__Assigned task__
Return only those lines of the records below in which "Blue" appears.

Stored dataset items:
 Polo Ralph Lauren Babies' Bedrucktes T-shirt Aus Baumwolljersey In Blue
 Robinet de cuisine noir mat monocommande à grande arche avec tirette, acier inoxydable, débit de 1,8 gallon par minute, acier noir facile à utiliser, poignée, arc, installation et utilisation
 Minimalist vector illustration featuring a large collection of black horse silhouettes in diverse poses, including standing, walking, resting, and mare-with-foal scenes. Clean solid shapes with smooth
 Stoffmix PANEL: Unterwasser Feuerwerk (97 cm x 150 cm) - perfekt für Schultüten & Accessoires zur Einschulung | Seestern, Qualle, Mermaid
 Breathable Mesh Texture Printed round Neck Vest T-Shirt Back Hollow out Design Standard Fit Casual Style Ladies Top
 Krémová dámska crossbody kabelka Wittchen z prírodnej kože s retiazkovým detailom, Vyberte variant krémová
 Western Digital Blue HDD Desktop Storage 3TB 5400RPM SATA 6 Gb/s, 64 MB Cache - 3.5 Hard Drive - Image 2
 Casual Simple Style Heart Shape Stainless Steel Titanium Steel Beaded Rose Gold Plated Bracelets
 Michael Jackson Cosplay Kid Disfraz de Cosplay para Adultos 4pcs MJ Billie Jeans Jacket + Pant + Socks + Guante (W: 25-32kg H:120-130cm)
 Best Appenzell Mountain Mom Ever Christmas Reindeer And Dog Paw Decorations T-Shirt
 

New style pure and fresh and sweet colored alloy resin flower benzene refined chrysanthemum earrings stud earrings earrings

__Answer to the problem__
 Polo Ralph Lauren Babies' Bedrucktes T-shirt Aus Baumwolljersey In Blue
 Western Digital Blue HDD Desktop Storage 3TB 5400RPM SATA 6 Gb/s, 64 MB Cache - 3.5 Hard Drive - Image 2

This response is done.